Expounding the Bible

Sixtus's Bibliotheca covered both methods for discovering the sense of scripture and forms of presentation of its meaning once found. Among them was enarratio, the public exposition of scripture, the designation Martin Bucer gave to his Latin translation for the benefit of brethren in France of Luther's German homilies (postils) on the lections from the gospels and epistles (1525–6). As professor of the Bible in Wittenberg Luther had lectured in Latin on the Psalms, Romans, and Galatians before he challenged fellow scholars to debate over 95 propositions in 1517. In virtually every local situation where the Reformation put down roots, vernacular preaching went hand in hand with learned instruction more akin to lecturing.

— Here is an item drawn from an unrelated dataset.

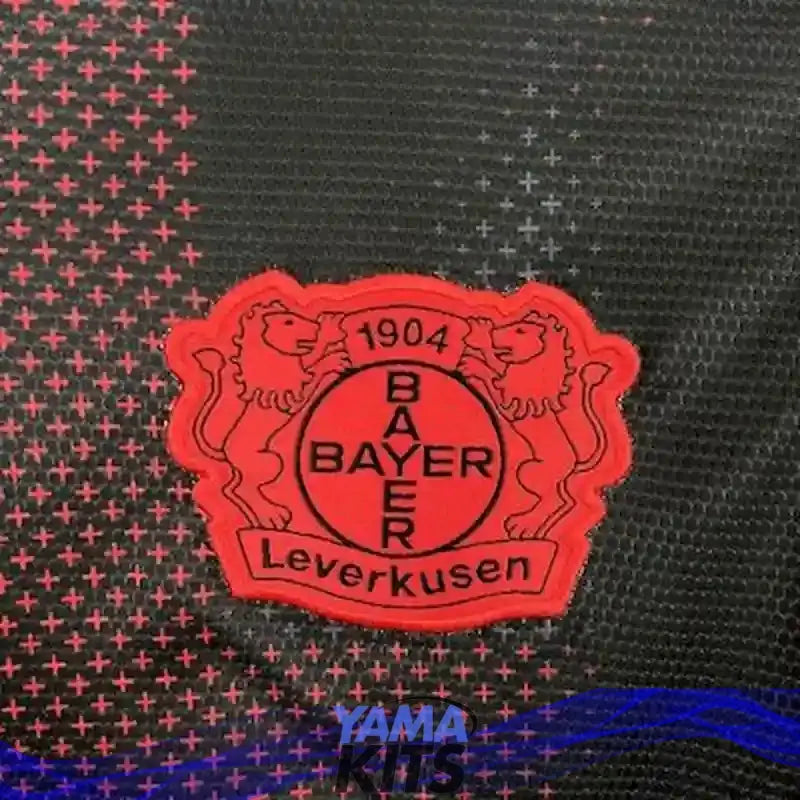 Maillot Bayern Leverkusen domicile 2025/2026 YamaKits Foot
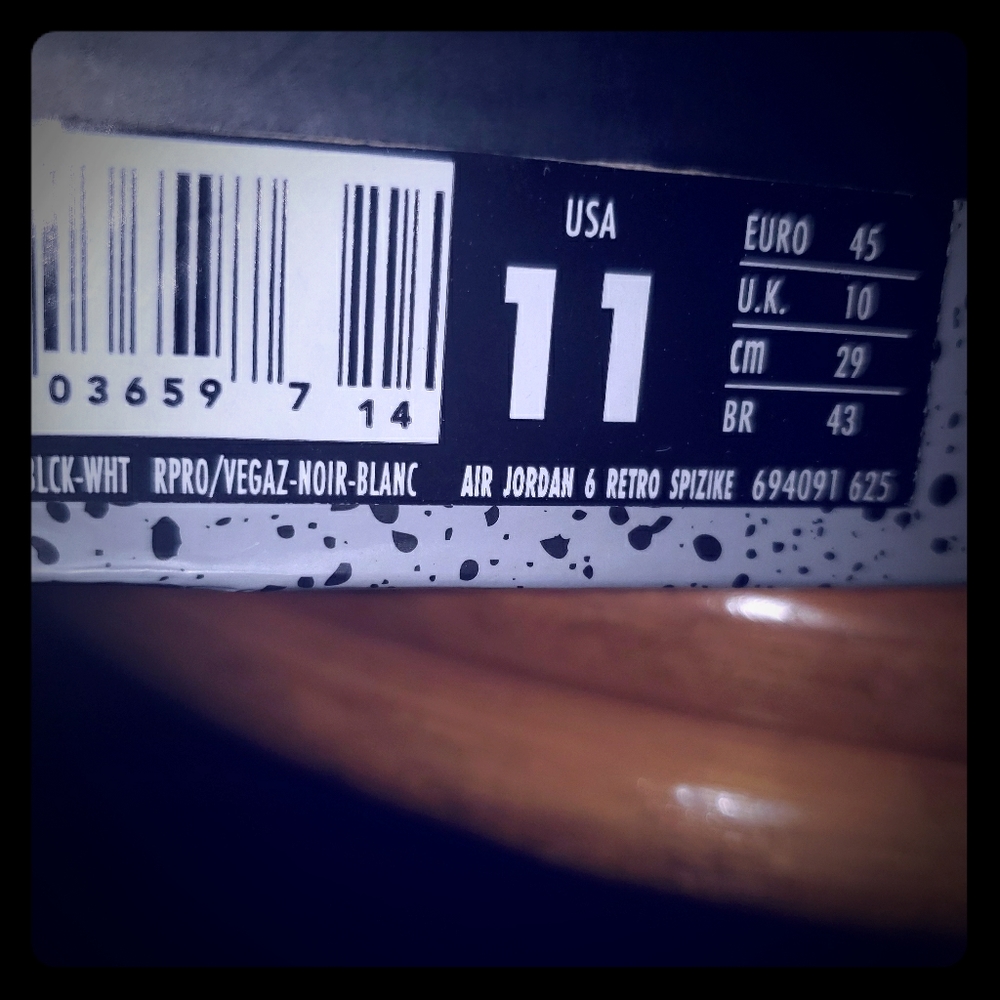 Jordan 6's The History 0f Jordan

The whole Reformation movement was almost an orgy of preaching, from the masterly gospel expositions Luther delivered on returning to Wittenberg in May 1522 to retrieve the cause of moderate reform after Carlstadt's disruptive radicalism in his absence, to the remarkable sermon ‘on the plough’ (and ploughers) preached by Hugh Latimer, bishop of Worcester, at St Paul's Cross, London, early in January 1548, and John Knox's first public preachment, on Daniel 7 and the coming of Antichrist, at St Andrews in 1547.

Germanisches Nationalmuseum, Nuremberg.

The simple plaque in St Peter's Cathedral in Geneva that honours Calvin describes him only as ‘servant of the Word of God’. One of his earliest biographies records what are in effect four forms that that service took in Geneva. Calvin was first a lecturer before he was made a pastor, and from his lectures came many of his published commentaries in Latin. Preaching in French consumed enormous energies, with an average ten sermons a fortnight, each an hour long, at the height of his Genevan ministry. Then every Friday at the pastors' open Bible study, called in French the Congrégation, whether at the outset or in rounding off Calvin frequently gave a short exposition. Finally, in the meetings of the consistory, the organ of pastoral discipline in Reformed communities like Geneva, Calvin regularly addressed a biblically grounded remonstrance to the person found wanting in some aspect of behaviour.

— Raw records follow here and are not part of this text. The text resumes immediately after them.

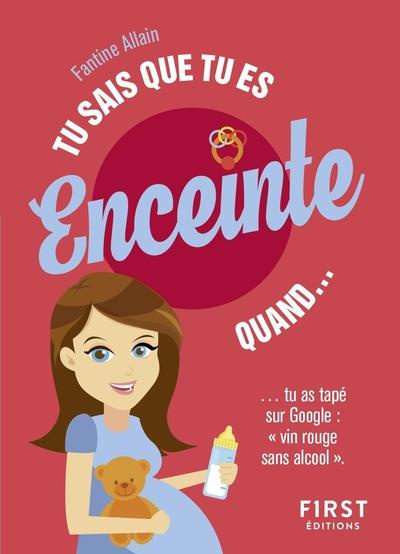 Emprunter Tu sais que tu es enceinte quand... livre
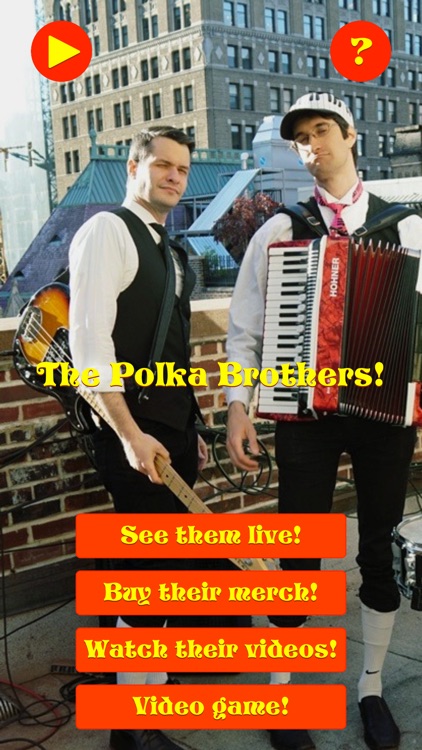 The Polka Brothers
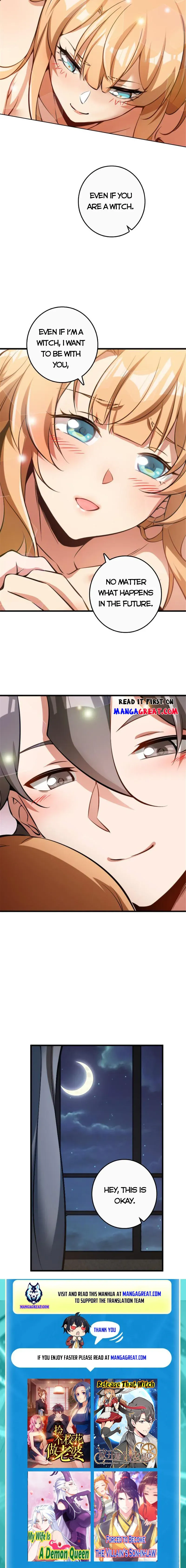 Release That Witch Chapter 506 Online - página 9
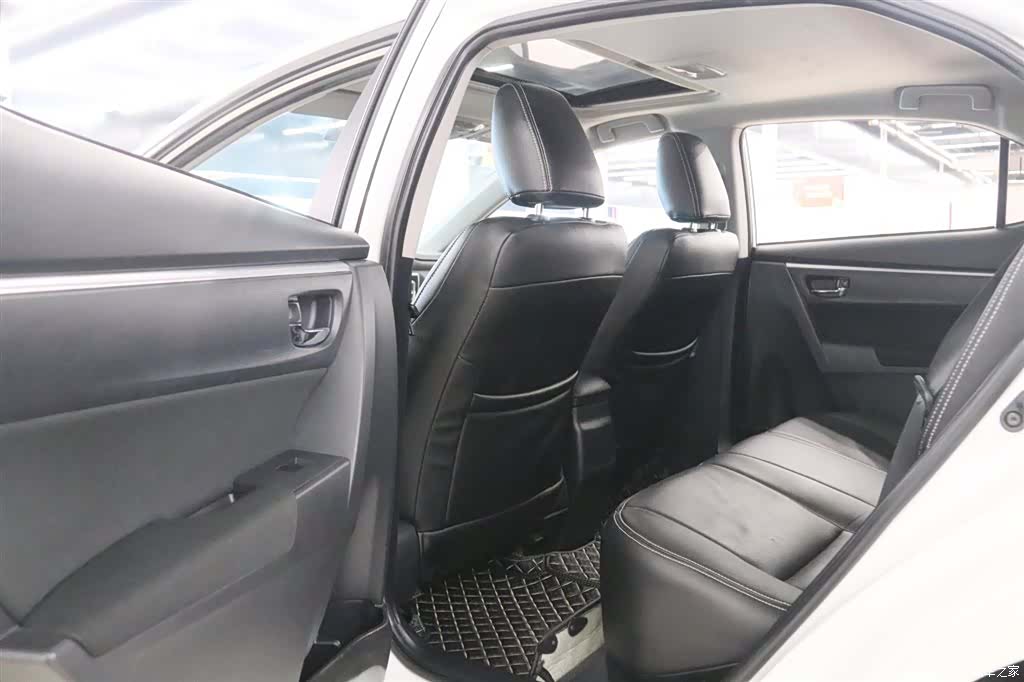 Toyota Levin, 2019 13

Calvin was to be sure exceptional, but not in the prominence and focused effort devoted to letting the biblical message have free course among the people. As Luther once memorably put it:

All I have done is to put forth, preach and write the Word of God, and apart from this I have done nothing. While I have been sleeping, or drinking Wittenberg beer … it is the Word that has done great things … I have done nothing; the Word has done and achieved everything.